There were tracts in the desert which colour-blind people might have hated; but Victoria grew to think the dreariest stretches beautiful; and even the occasional plagues of flies which irritated M'Barka beyond endurance, only made Victoria laugh.
Sometimes came caravans, in this billowing immensity between the M'Zab and Ouargla—city of Solomon, whither the Queen of Sheba rode on her mehari: caravans blazing red and yellow, which swept like slow lines of flame across the desert, going east towards the sunrise, or west where the sunset spreads over the sky like a purple fan opening, or the tail of a celestial peacock.
What Victoria had once imagined the desert to be of vast emptiness, and what she found it to be of teeming life, was like the difference between a gold-bright autumn leaf seen by the naked eye, and the same leaf swarming under a powerful microscope.
The girl never tired of following with her eyes the vague tracks of caravans that she could see dimly sketched upon the sand, vanishing in the distance, like lines traced on the water by a ship. She would be gazing at an empty horizon when suddenly from over the waves of the dunes would appear a dark fleet; a procession of laden camels like a flotilla of boats in a desolate sea.
They were very effective, as they approached across the desert, these silent, solemn beasts, but Victoria pitied them, because they were made to work till they fell, and left to die in the shifting sand, when no longer useful to their unloving masters.
"My poor dears, this is only one phase," she would say to them as they plodded past, their feet splashing softly down on the sand like big wet sponges, leaving heart-shaped marks behind, which looked like violets as the hollows filled up with shadow. "Wait till your next chance on earth. I'm sure it will make up for everything."
But Maïeddine told her there was no need to be sorry for the sufferings of camels, since all were deserved. Once, he said, they had been men—a haughty tribe who believed themselves better than the rest of the world. They broke off from the true religion, and lest their schism spread, Allah turned the renegades into camels.
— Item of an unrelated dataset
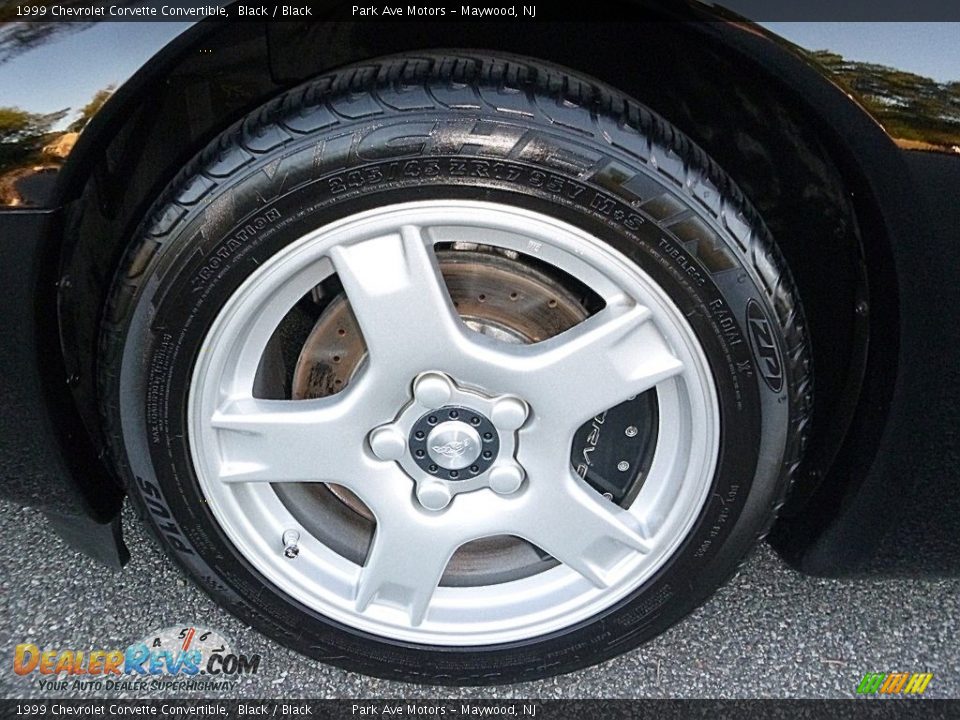 1999 Chevrolet Corvette Convertible Black / Black Photo #30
He compelled them to bear the weight of their sins in the shape of humps, and also to carry on their backs the goods of the Faithful, whose beliefs they had trampled under foot. While keeping their stubbornness of spirit they must kneel to receive their loads, and rise at the word of command. Remembering their past, they never failed to protest with roarings, against these indignities, nor did their faces ever lose the old look of sullen pride. But, in common with the once human storks, they had one consolation. Their sins expiated, they would reincarnate as men; and some other rebellious tribe would take their place as camels.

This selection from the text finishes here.